RedoxBlox’s Boysen said addressing challenges by looking at new materials can provide replacement solutions for energy storage and reliability. The company has developed long duration energy storage technology that will enable the transformation of natural gas power plants into renewable energy storage facilities, in addition to electricity-to-heat energy storage modules that provide carbon-free industrial heat while replacing natural gas with renewable electricity.

While the company is a few years away from integrating its product on gas turbines, he said, in the near-term future the technology could be used to move away from fuel-burning generation.

“We could take a combined-cycle power plant, retrofitted with storage, so it could still operate with natural gas if you need, but over time can start acting as a storage facility,” he said. “You get much better capacity factors from all the same hardware using all the same equipment. We feel like this is probably the nearest-term, fastest way we’re going to move away from natural gas, particularly the United States, and towards renewables and enabling deep renewable penetration.”

Giving a new look at old materials can change how energy is stored and distributed, Antora’s Briggs said.

Antora uses renewable electricity to heat low-cost carbon to over 1,500 degrees, which is then stored in a well-insulated container, he said.
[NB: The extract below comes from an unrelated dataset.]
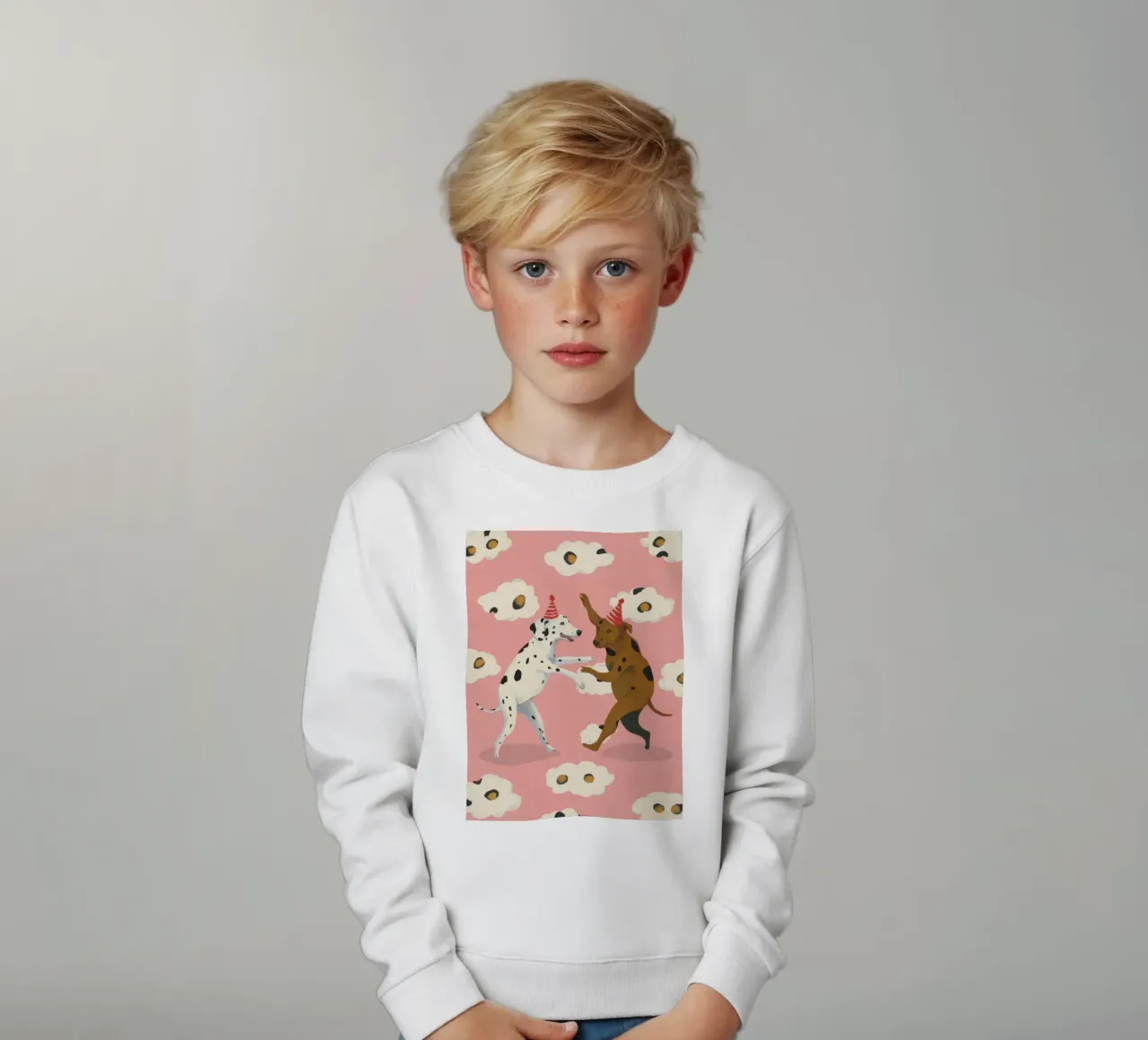 Skurriler Hundekarneval Kinder Sweatshirt von Aether Brush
Under this system, the company can hold energy and then discharge it as heat energy, or convert it back to electricity.

“We’ve developed what’s called a thermo photovoltaic module or TPV for short… instead of capturing sunlight and converting that into electricity, (we’re) capturing this thermal glow coming off of the hot carbon,” Briggs said. “In this way we can charge (the carbon) with inexpensive variable electricity, store the heat in this insulated box and then deliver heat or electricity on demand.”
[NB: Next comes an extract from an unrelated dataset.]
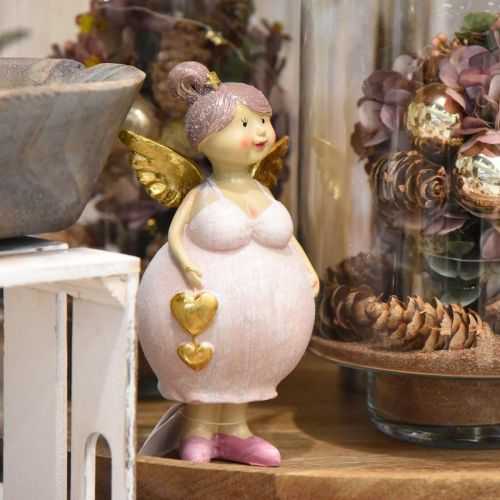 Floristik24 Rosa Engel mit Herz Deko Figur Weihnachten 9×8×19,5cm 2St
Because of carbon’s cost and availability, the process provides an inexpensive solution for storing and then redirecting energy, Briggs said. And when used alongside other systems in place of peaker plants, the TPV can be used as a replacement solution to costly assets like gas turbines that only run a few times a year.

Borrett, Boysen and Briggs said their solutions were scalable, given the requirements of customers. Additionally, Boysen and Briggs said their systems could be installed alongside other technology to ensure reliability. Those solutions not only provide backups but help companies gradually rely more on renewable energy.

“We have a plant in Austria, that’s a cardboard manufacturing plant… they are already using natural gas,” Boysen said. “We basically put our system in in parallel, and then we turn off the gas. If there’s an upset, they can always switch back to natural gas if they need to… We’re addressing the problem by running parallel systems, and then weaning them off the natural gas.”